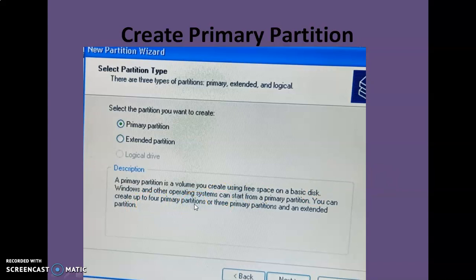You can create up to four primary partitions on a hard drive. If you have two hard drives, you can create eight such partitions, but on one physical drive the maximum is four. If you want six partitions, you can create three primary partitions and one extended partition, within which you can create many logical drives. Alternatively, you can create one primary partition and assign the remaining space to an extended partition, then create many logical drives within it.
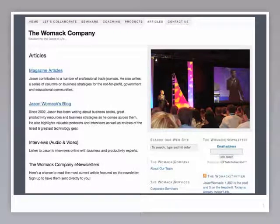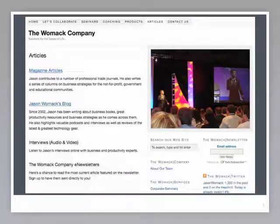Hey everyone, this is Jason. I wanted to share a couple of ideas about workplace performance and productivity, specifically around those frequently asked questions. A lot of the things that we've talked about in our articles, on the blog, and interviews can be found on our website, womackcompany.com.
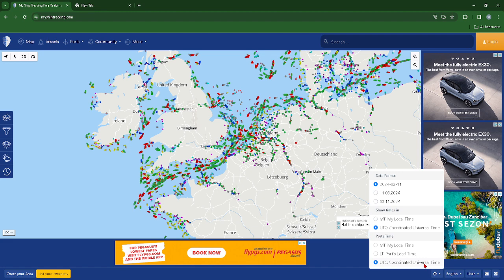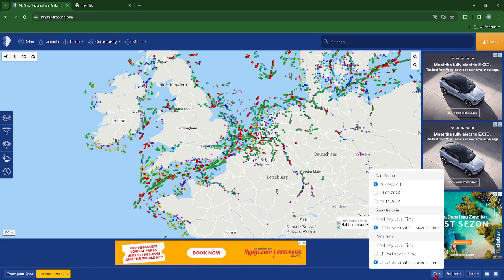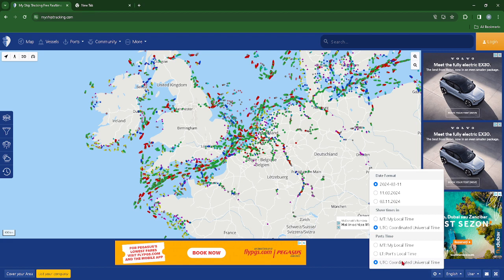For my example I'm just going to use the UTC time zone, and as soon as you click on this option you should be able to get your results instantly. So this is how easy and straightforward it actually is.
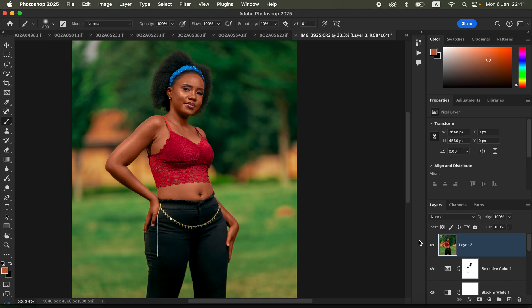And that's how you can easily color grade in Photoshop as a beginner. I hope you've learned a few tips here and there. If you enjoyed this video, don't forget to like and subscribe. This is Ronnie from Ronnie Photography — thank you for watching, keep practicing and keep creating!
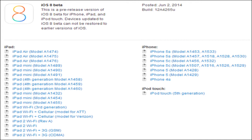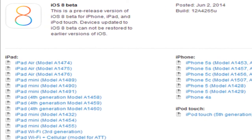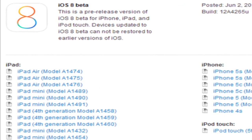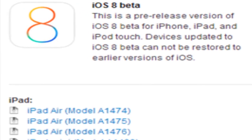Just to run through the compatible devices again so you don't mess up your device: iPhone 5S, iPhone 5C, iPhone 5, iPhone 4S, iPad Air, Retina iPad Mini, iPad Mini 1, iPad 4, iPad 3, iPad 2, and iPod Touch 5th generation. I'll be keeping you updated on everything that happens throughout WWDC 2014.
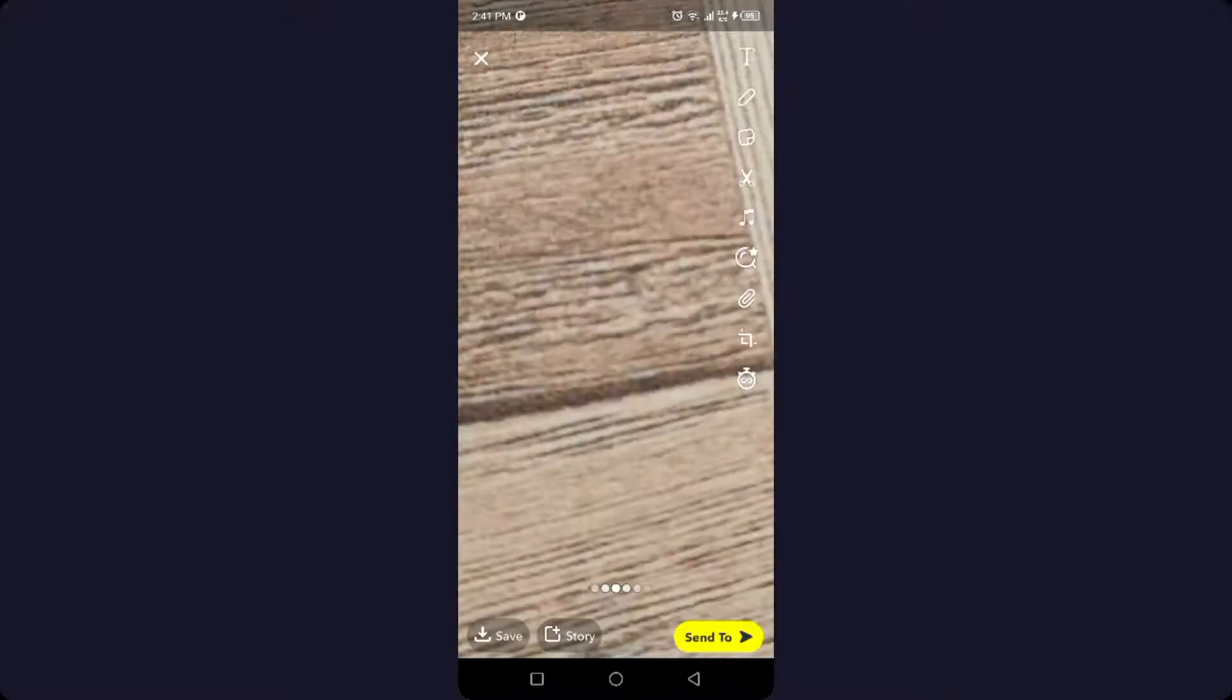Click on the tick mark and here you can see that the picture is now cropped. If you want to send, you can send that picture. If you want to save, you can save.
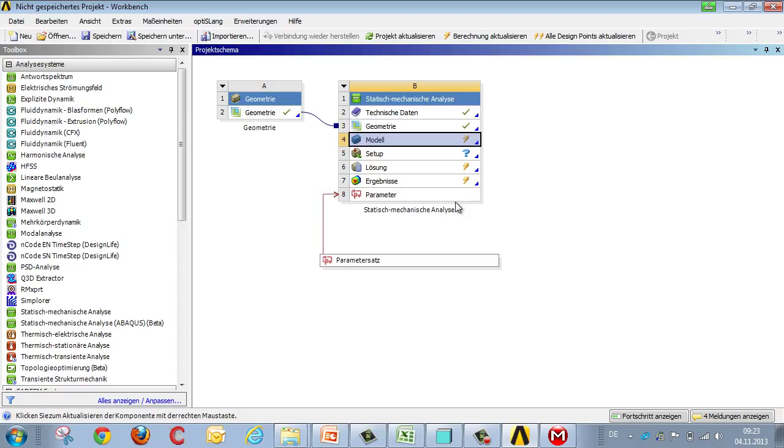ANSYS does not itself alter the CAD geometry, but transfers a parameter set to the CAD system, where the geometry is generated again, before being transferred back to ANSYS in renewed form.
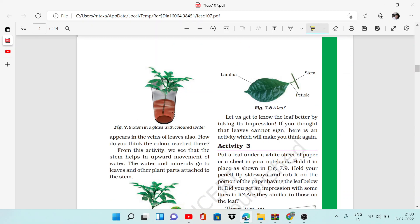Cut the base of the stem and put it in the glass as shown in Figure 7.6. See here, this is Figure 7.6 - this is a glass, this is water, some drops of ink in the water, this is a stem. Cut the stem from the bottom and put it in the water.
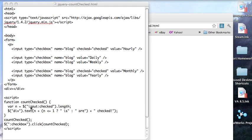And in the function I'm doing this match: input colon checked. And that will check whether a thing is checked and the dot length just tells me to count it up. So I'm counting how many of these things are checked.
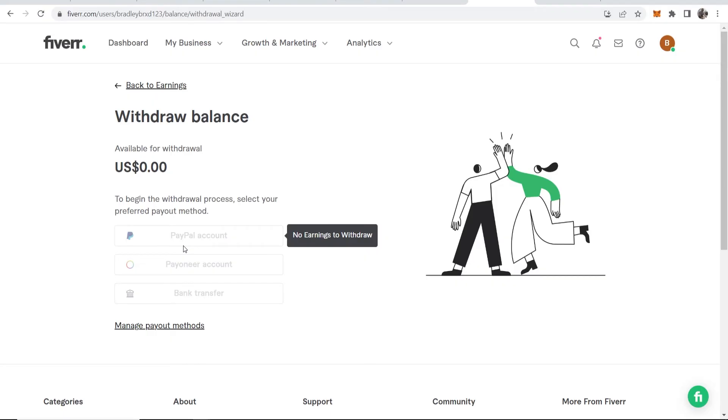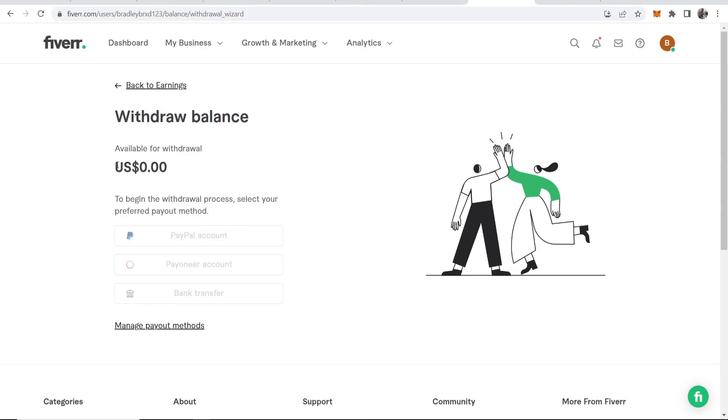Because this account has no earnings, it doesn't let you add an account and withdraw. You're going to have to earn some money on that account before you can add the payment account and withdraw.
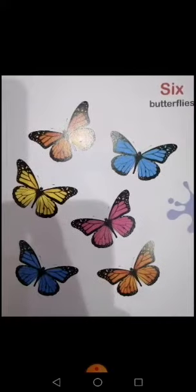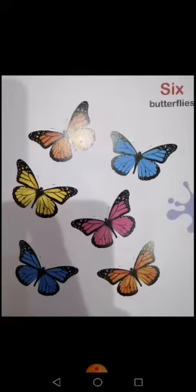Now you can see here these are some butterflies. Class, count how many butterflies are there. Count with me: one, two, three, four, five, six. These are six butterflies. Now I'm going to show you a video of the number six.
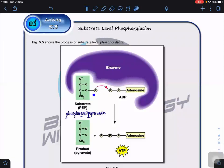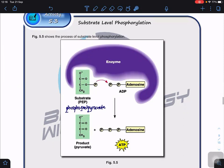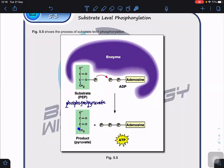The phosphate group cannot be transferred directly without energy being released first. Energy is released through reorganization of chemical bonds — single bonds become double bonds and double bonds become single bonds. This energy release is then used to phosphorylate the adenosine diphosphate, forming ATP (adenosine triphosphate).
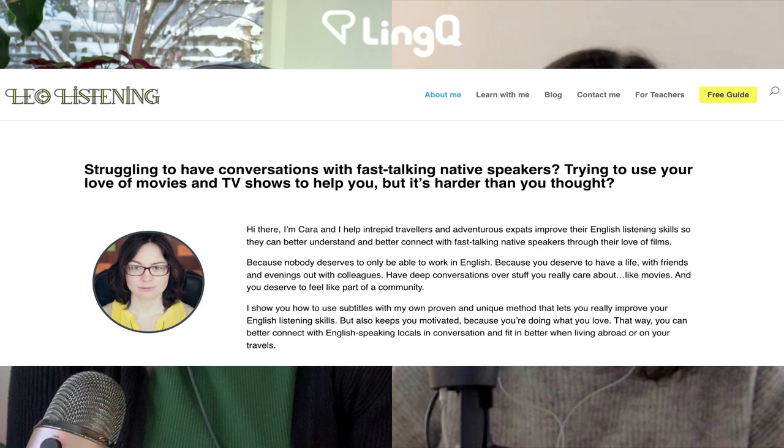Today I am joined by Cara Leopold of Leo Listening website — she also runs a YouTube channel. Cara, thank you so much for joining me. How are you today? I'm very well, thank you. Thanks for having me here. And whereabouts in the world are you joining us from today?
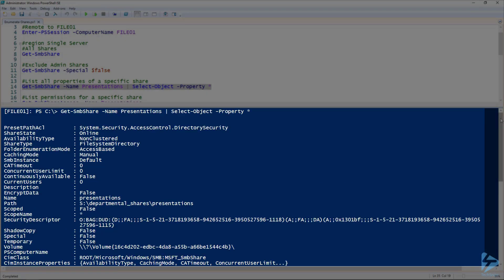There's a lot of relevant data in here. Things like share state, your folder enumeration mode, whether it's access based or not, caching mode, whether it's manual or perhaps you have branch cache set up. Perhaps your description, obviously your name and your path are going to be important. And there's a number of other properties here that you can use to search for specific settings.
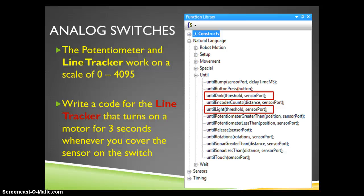In this tutorial we are going to use a line tracker, sometimes called a line follower, in the Robot C program.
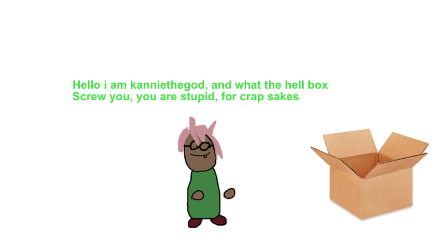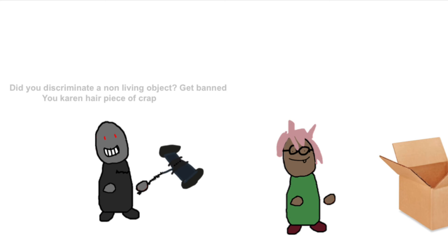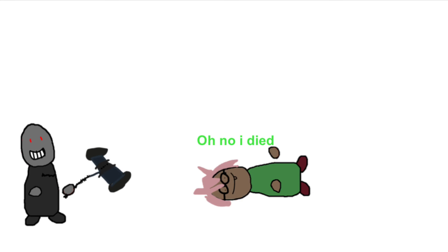Hello, my name is Connie the God. And what the hell box? Screw you, you are stupid, for crap sakes. Did you discriminate a non-living object? Yet banned you Karen hair piece of crap. Oh no I died.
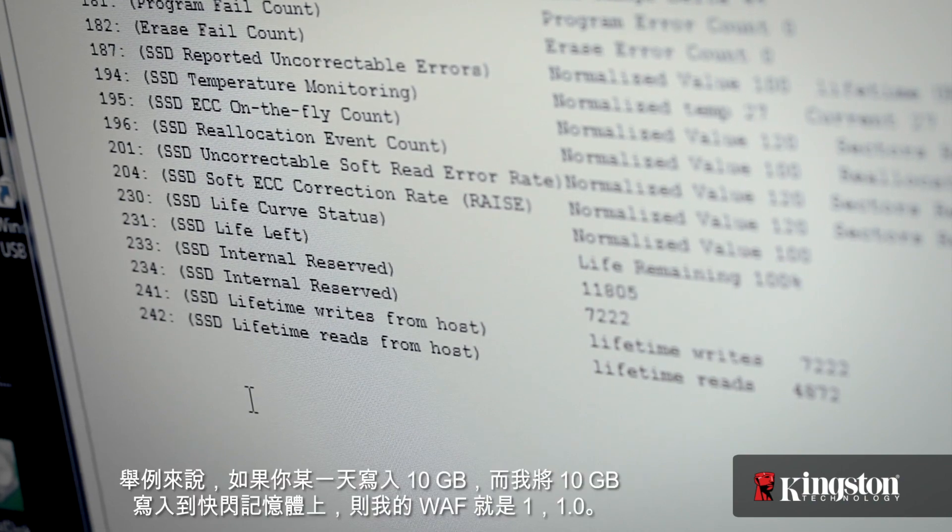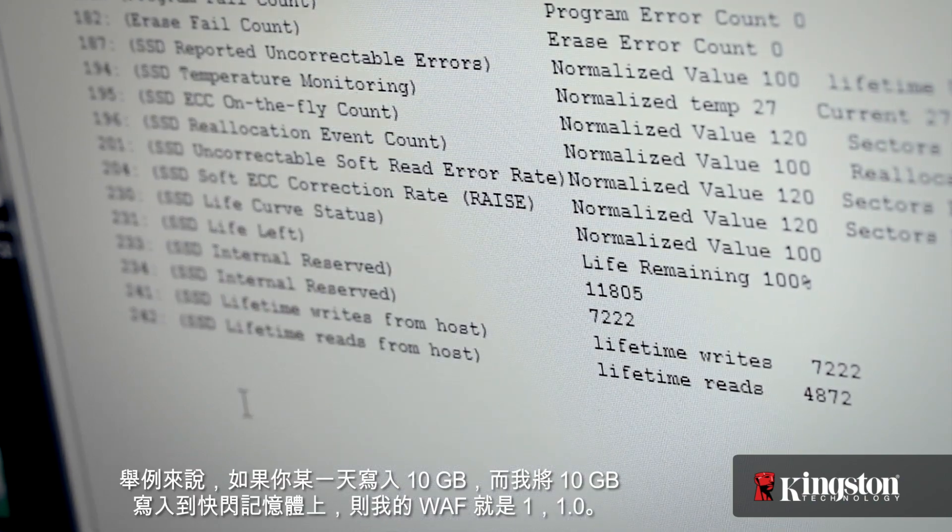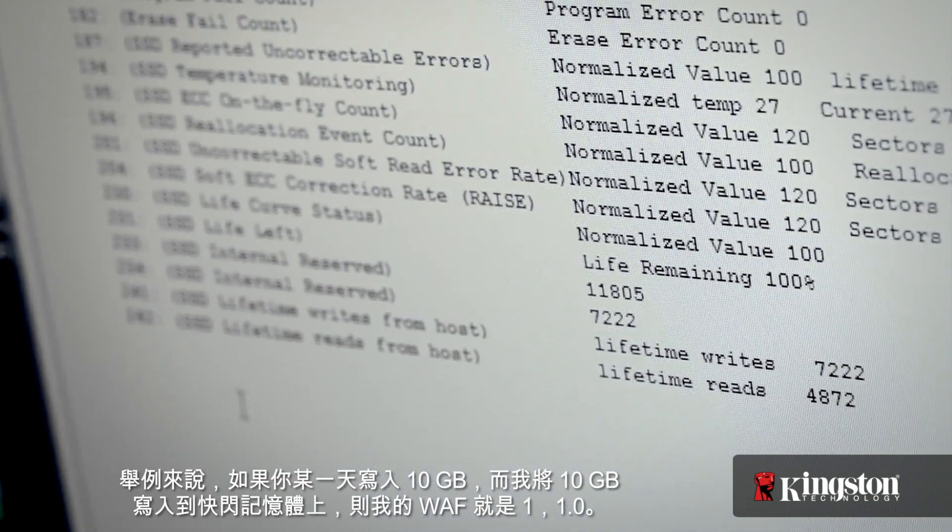So for example, if we wrote 10 gigabytes in a given day and I committed 10 gigabytes of writes to NAND, then my WAF would be 1.0. If to write that same 10 gigabytes from the host, I wrote 20 gigabytes of data to the NAND, then my WAF would be 2. Exactly.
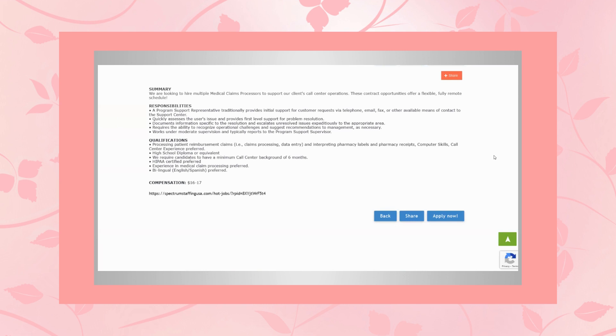So let me go over this with you. So the first preferred experience that they're looking for is processing patient reimbursement claims, which could be claims processing or data entry and interpreting pharmacy labels and pharmacy receipts, computer skills, call center experience, and that's preferred.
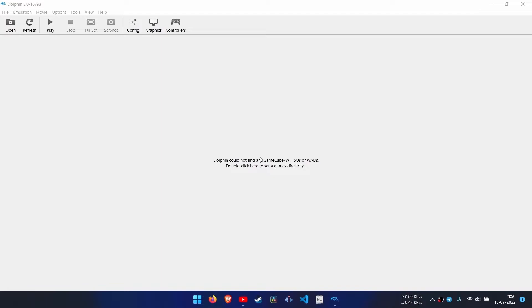Hey everyone. In today's video, we are going to optimize our Dolphin emulator to maximize FPS. So, let's get into the video.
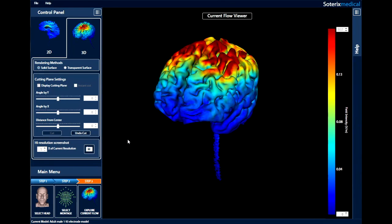This is a demonstration of HDXplore. HDXplore is a neural navigation software made by Soterics Medical that can be run on any PC, whether it be a desktop or a laptop. There are three steps to use this program. Let's begin.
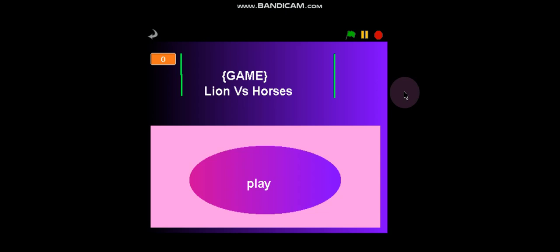In today's video, I made a game and it is called Lion vs Horses.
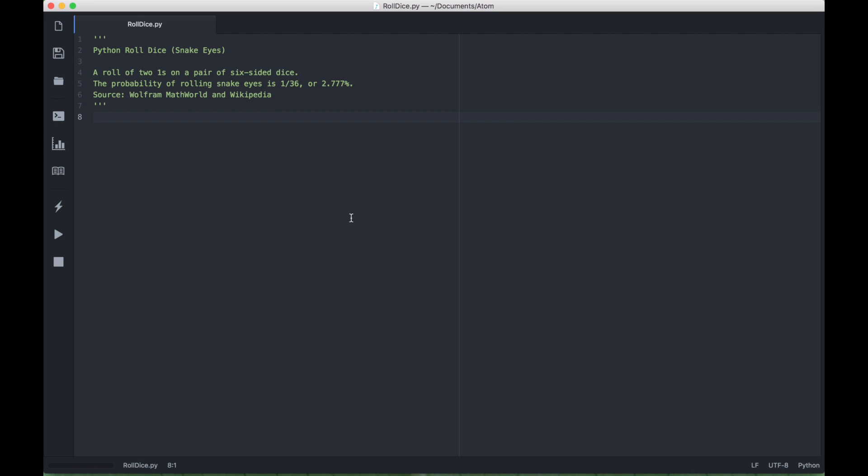So let's go ahead and type out the code to mimic the rolling of dice and the probability of rolling snake eyes and then we'll come back and we will explain the code.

++++++

* [Task goal]
With pictures omitted, restate exactly every line from the one containing "This is a demonstration" through the last line of the material, inclusive.

* [Result of the task]
This is a demonstration of HDXplore. HDXplore is a neural navigation software made by Soterics Medical that can be run on any PC, whether it be a desktop or a laptop. There are three steps to use this program. Let's begin.
In today's video, I made a game and it is called Lion vs Horses.
So let's go ahead and type out the code to mimic the rolling of dice and the probability of rolling snake eyes and then we'll come back and we will explain the code.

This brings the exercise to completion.